ハリウッドの映画産業が今、“最悪の状況”ともいえる。もともと2020年3月のパンデミックで映画・TVの職業人口は全米で40万人から20万人へ半減、ハリウッド周辺(Greater LAエリア)で14万人強から9万人程度まで3割減の大リストラがあった。その後、ロックダウンの解除に刺激された急激な消費性向、期間中の助成金による可処分所得の増額なども手伝い、雇用者も急増し、23年初頭にはすっかり元通りになっていた。
だが、本当の危機はその後に起こる。23年5月「WGA(全米脚本家組合)/SAG-AFTRA(俳優組合)ストライキ」がはじまったのだ。
22年11月にリリースされたChatGPTによる急激な生成AIブームが進み、脚本や俳優の演技にAIが使われることへの拒絶感や、ストリーミングに対して脚本家・俳優への二次使用料が還元されていないといった不満が蓄積された結果だった。日本からすると過剰反応と思われがちだが、ハリウッド映画大手はこの生成AIという世紀の発明によって22年末から早速雇用者を急減させていた。
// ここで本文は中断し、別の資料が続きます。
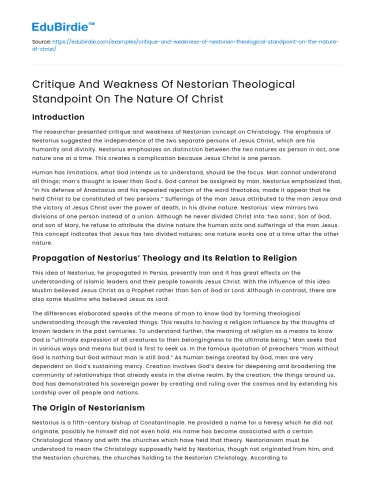 Nestorian Theological Standpoint: Critique and Weakness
その対抗措置として、ストライキが起こった23年5月には、すでに雇用者切りが進み10万人を割り、7月ごろにはまたコロナ直後水準の9万人になってしまっていたのだ。この「資本家対労働者」の構図におけるストライキは脚本家で148日間、俳優で118日間続き、半年近くもの間、ハリウッド全体で映画が作れない状況に陥ることになる。